7. The refrigerant monitoring unit as claimed in claim 1, wherein the refrigerant monitoring unit is compatible with a variety of air conditioners.

8. The refrigerant monitoring unit as claimed in claim 6, wherein the variety of air conditioners comprise air conditioners with different tonnage, inverter air conditioners, non-inverter air conditioners and air-conditioners from different brands.

9. A method for monitoring refrigerant in an electrical appliance, comprising:
measuring a current value drawn by a compressor;
processing the current value and providing an output in relation to a refrigerant level; and
indicating a refrigerant level in the electrical appliance based on the current value drawn by the compressor on a display, wherein:
indicating that the refrigerant level is sufficient if the current value is equal a first predefined threshold, and
indicating that the refrigerant level is insufficient if the current value is lower than a second predefined threshold.
10. A method for troubleshooting a motor of an air conditioner, comprising:
applying a trigger voltage and an input voltage to the motor for initiating rotation of a rotor;
providing a feedback voltage to an optocoupler using a first microcontroller;
detecting the rotation of the motor using a second microcontroller; and
creating a closed circuit using a wire and indicating output on a display, wherein:
indicating that the motor is defective if an input current is less than a third predefined threshold, and
indicating that the motor is not defective if the input current is greater than the third threshold.
11. The method as claimed in claim 10, wherein the feedback voltage is generated at the time of rotation of the motor.

12. A diagnostic system for an electrical appliance, comprising:
a refrigerant monitoring unit configured to assess a refrigerant level in the electrical appliance;
a motor troubleshooting unit configured to detect and troubleshoot a fault in at least one motor;
a capacitance monitoring unit configured to detect a fault in at least one capacitor of the electrical appliance; and
at least one PCB unit configured to detect a fault in one or more printed circuit boards (PCBs).
13. The diagnostic system as claimed in claim 12, wherein the diagnostic system comprises a spare part testing unit configured to detect a fault in one or more spare parts of the electrical appliance.
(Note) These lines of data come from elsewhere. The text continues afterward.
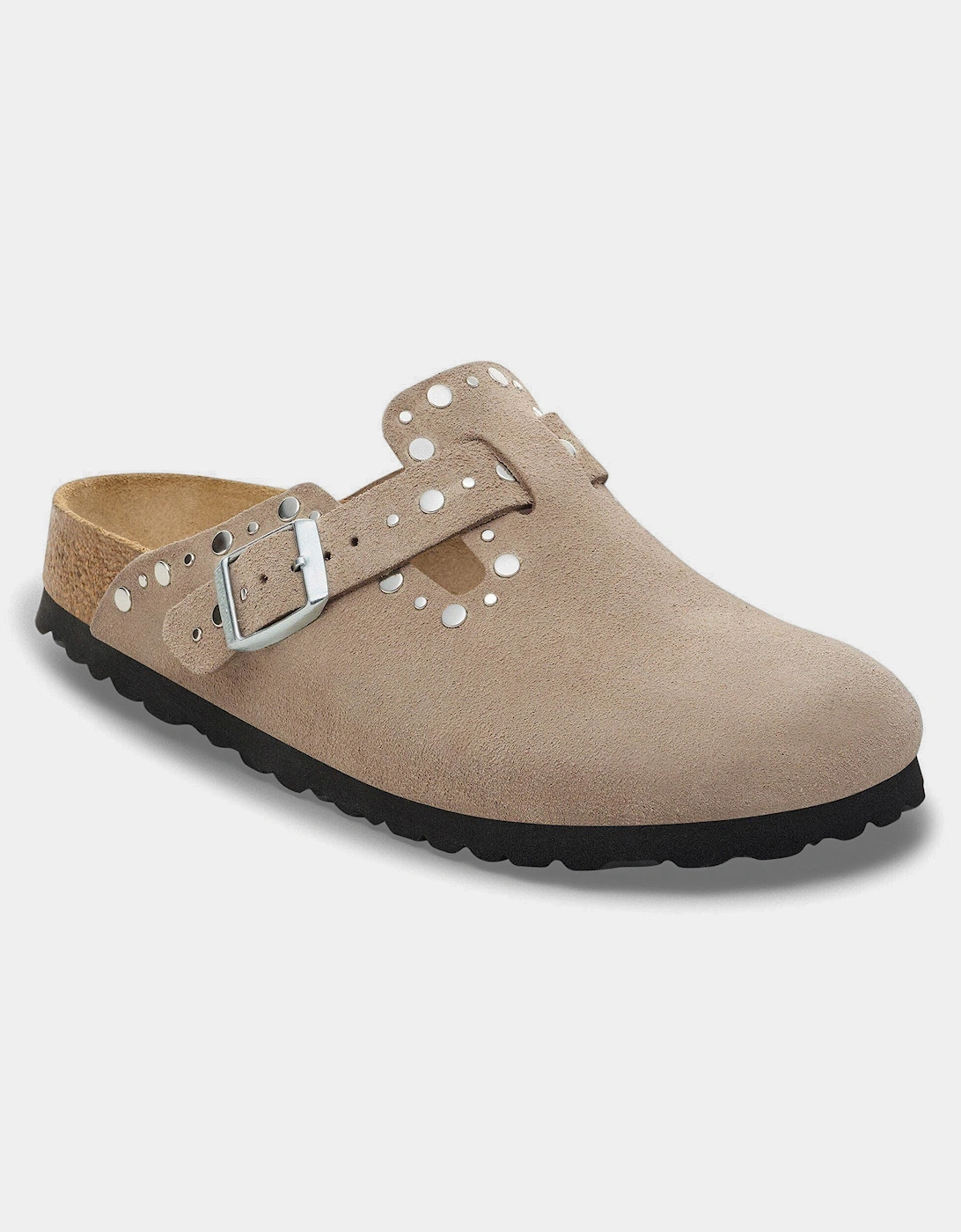 Birkenstock Boston Rivet Suede Leather Womens Clogs - Taupe
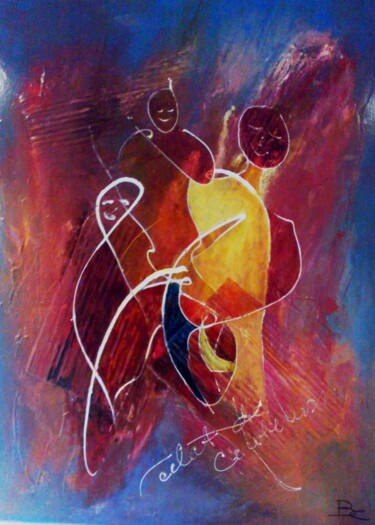 Malerei mit dem Titel "Euphorie de couleurs" von Bernard Courtalon (courtaloni), Original-Kunstwerk, Acryl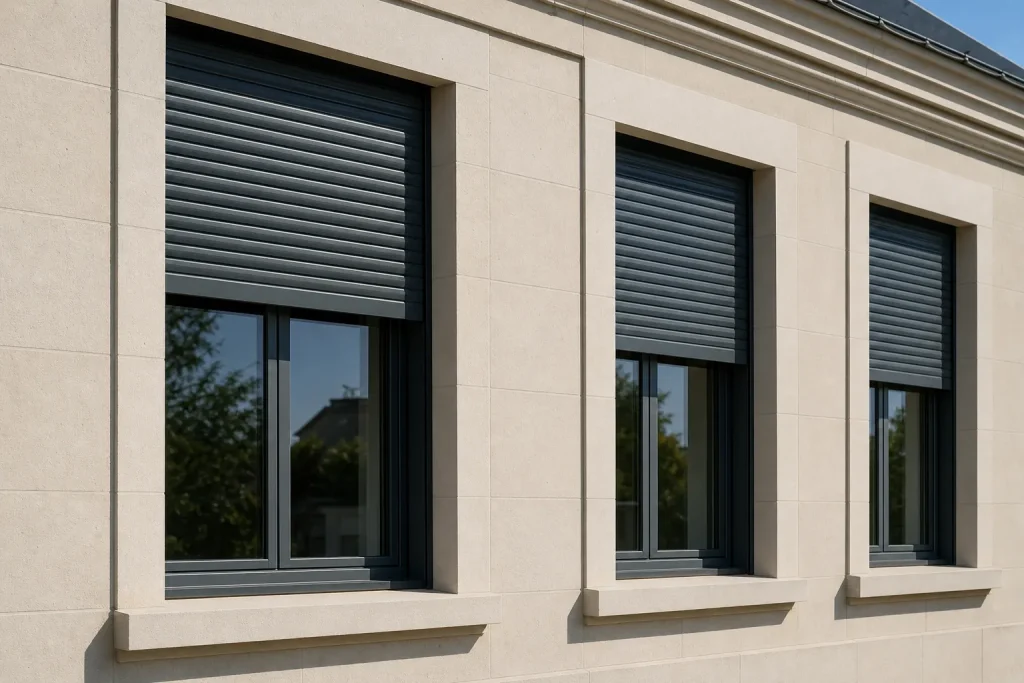 Volets roulants électriques en aluminium sur une façade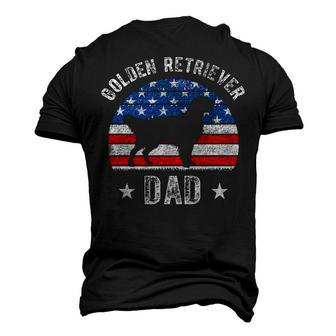 Mens American Flag Golden Retriever Dad 4Th Of July Fathers Day Men's 3D T-shirt Back Print - Seseable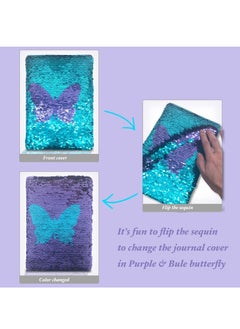 Y&D Reversible Sequin Notebook Diary, Magic Office Butterfly Notepad School Diary for Boys Girls Birthday Festival Gifts Toy  - Image 2
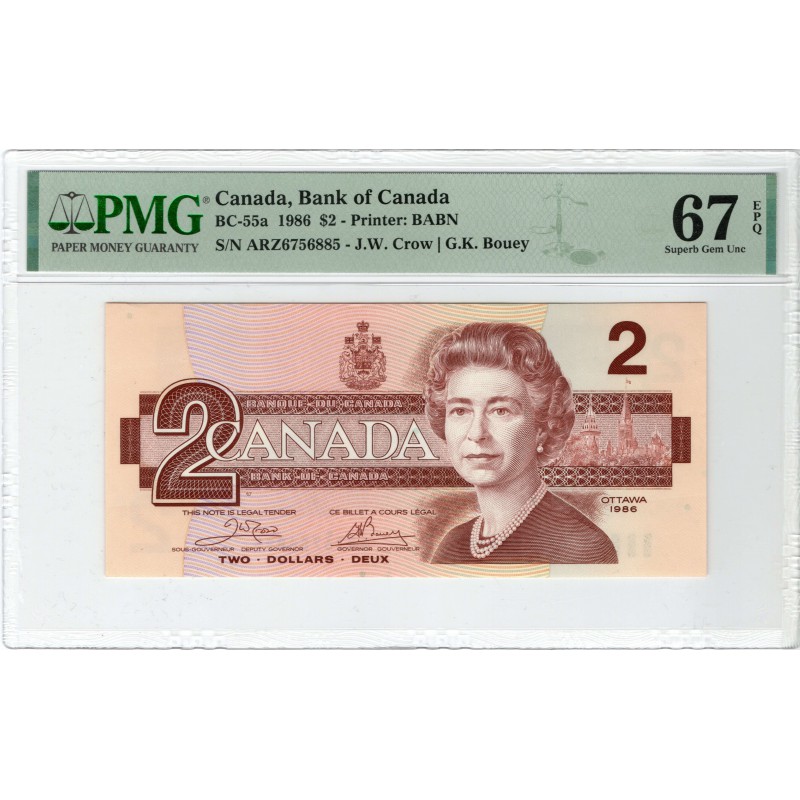 CANADA 1986 2 DOLLAR QEII P55a PMG 67 EPQ ELIZABETH II WORLD BANKNOTES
14. The diagnostic system as claimed in claim 12, wherein the spart parts comprises resistors, sensors, variable resistors and carbon composition resistors.

15. The diagnostic system as claimed in claim 12, wherein the diagnostic system calculates electrical resistance of the one or more spare parts.

16. The diagnostic system as claimed in claim 12, wherein if the calculated electrical resistance value is greater than a predefined threshold value, the one or more spare part has no fault, and if the calculated electrical resistance value is less than a predefined threshold value, the one or more spare part has fault.